== YOUR OBJECTIVE ==
Beginning at the line that mentions "Gaziantep’te kafeteryada yangın paniği", retype the rest of the records below exactly. Pictures are not part of the copy.

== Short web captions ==
##########

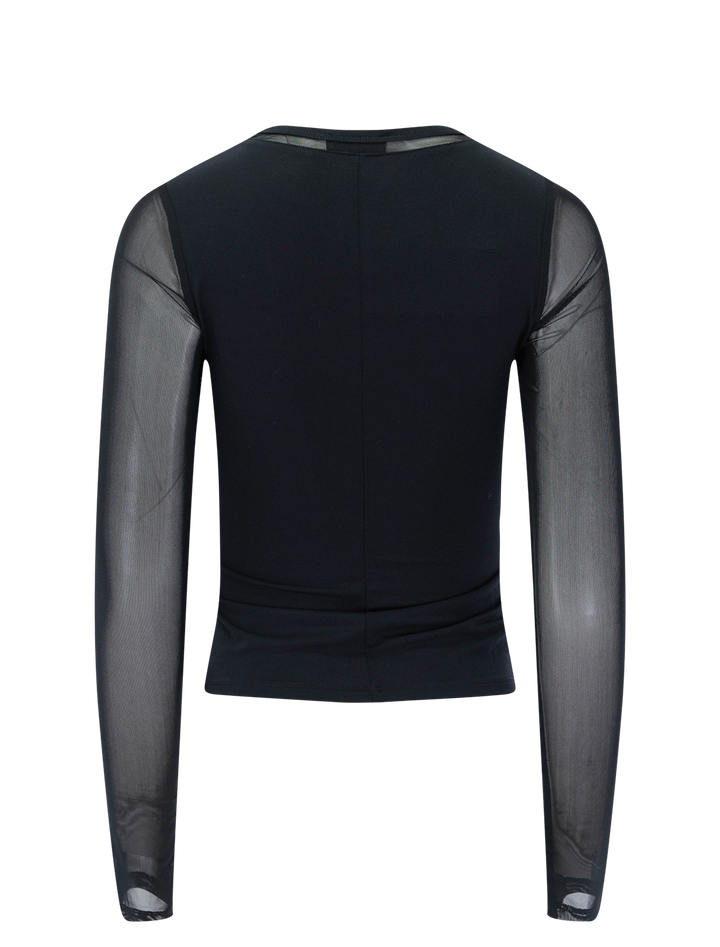 luca shadow top in black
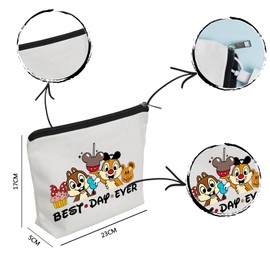 WZJHCL Chip Makeup Pouch Bag Dale Cosmetic Kit Bag Chip n Dale Snacks Storage Pouch Bag Double Trouble Gift (Chip Best Day Ever)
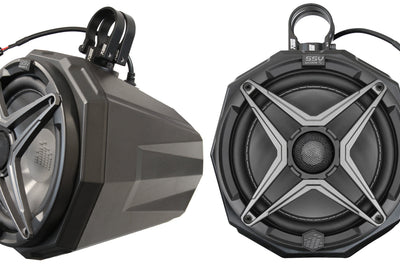 Ssv Works 8’’ Cage Mount Pod Speaker 1.85’’ Roll - Atv Performance Products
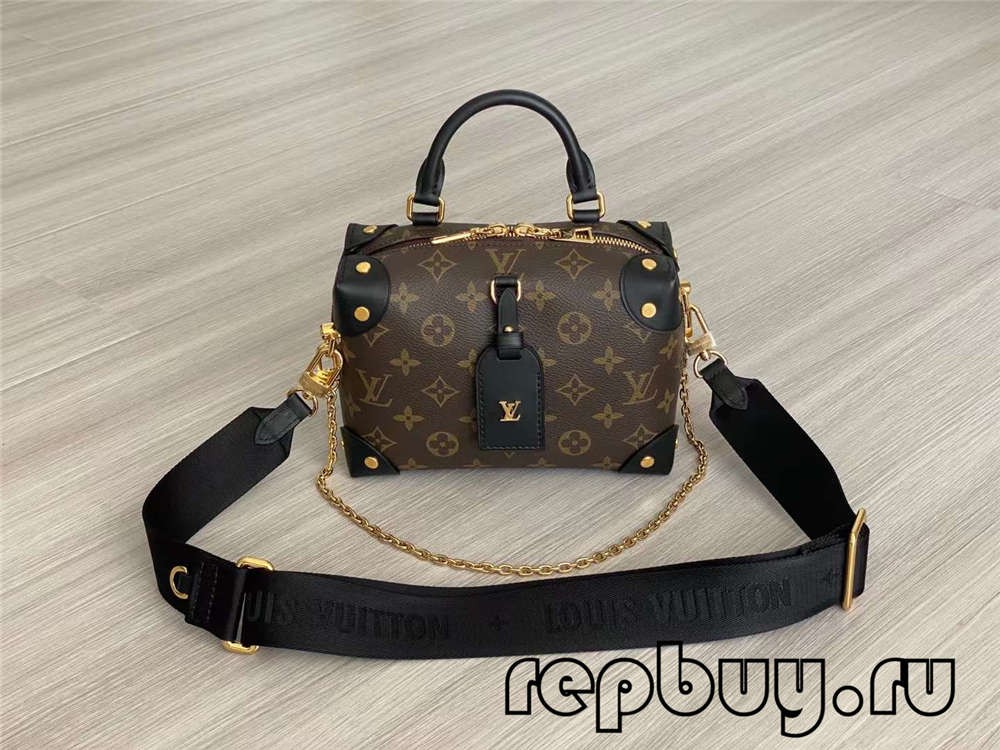 Louis Vuitton M45571 Petite Malle Souple Black 20cm Top Replica Bags (2022 Special)-Best Quality Fake designer Bag Review, Replica designer bag ru Louis Vuitton M45571 Petite Malle Souple Black 20cm Top Replica Bags (2022 Special)-Best Quality Fake designer Bag Review, Replica designer bag ru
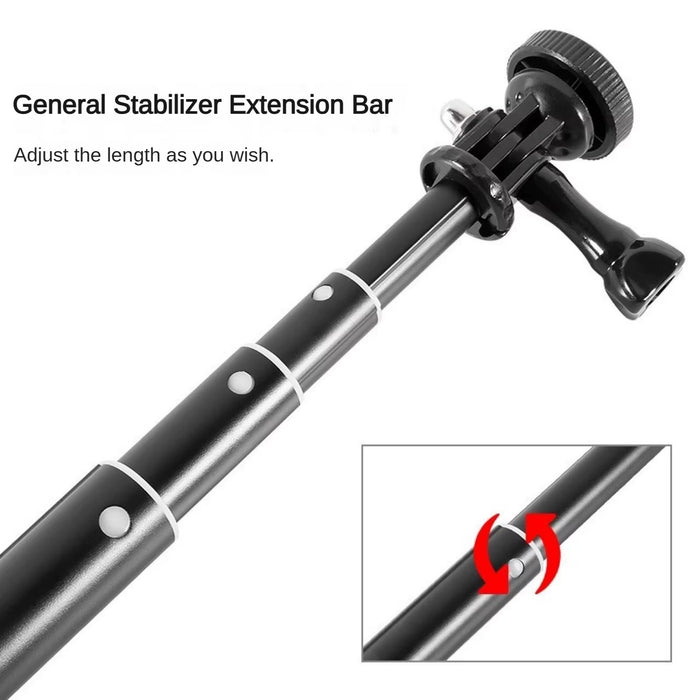 REFLEX CAMERA 93.5cm Extension Pole Selfie Stick Tripod for Insta360, GoPro Hero 13–5 | 1/4" Screw Adapter | Invisible Monopod for 360° Action Cameras & Sports Filming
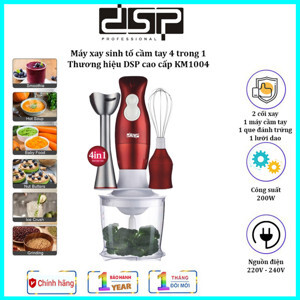 Máy xay sinh tố cầm tay 4 trong 1 DSP KM1004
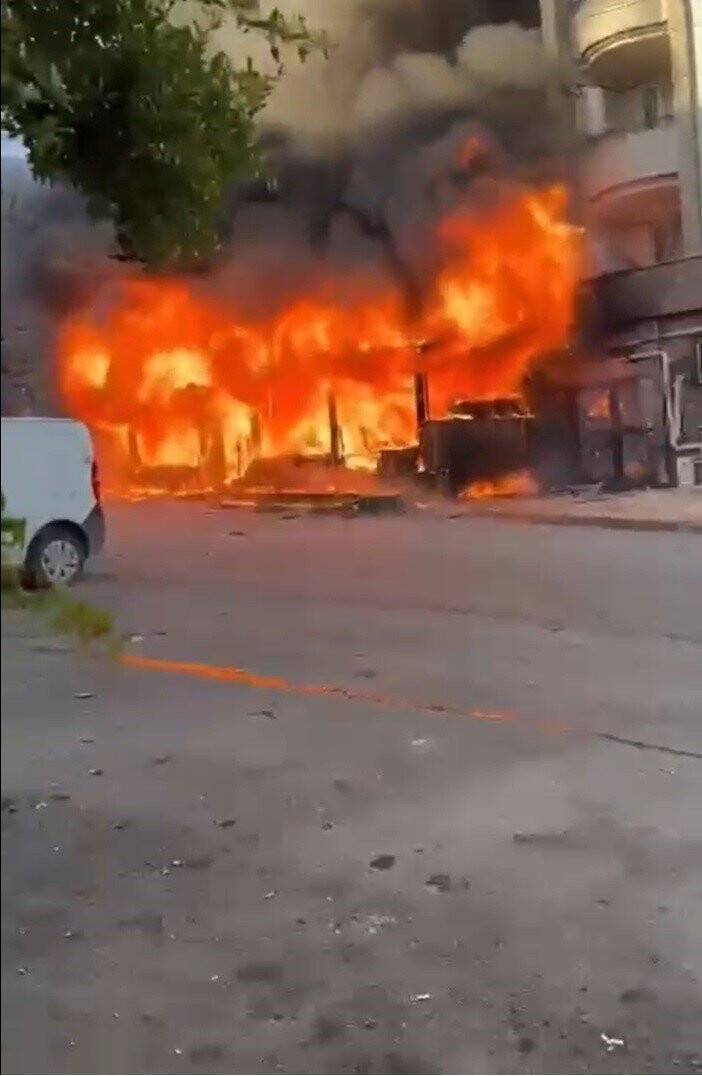 Gaziantep’te kafeteryada yangın paniği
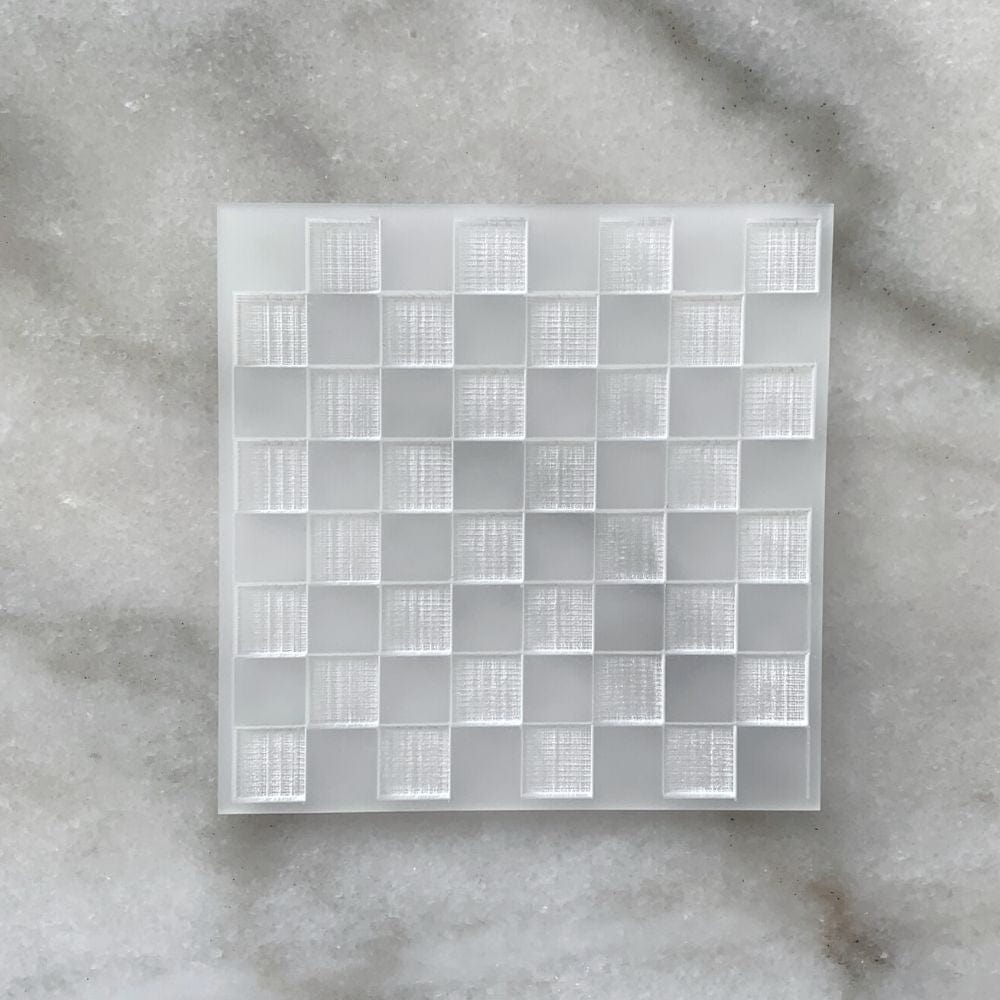 Chess Checkered Cookie Stamp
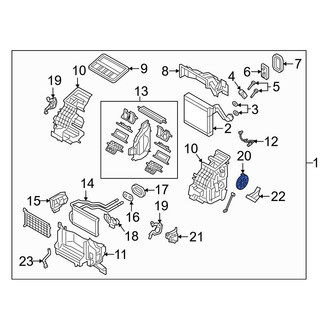 Mazda OE - HVAC Recirculation Door Actuator Link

##########

== RESULT OF THE TASK ==
 Gaziantep’te kafeteryada yangın paniği
 Chess Checkered Cookie Stamp
 Mazda OE - HVAC Recirculation Door Actuator Link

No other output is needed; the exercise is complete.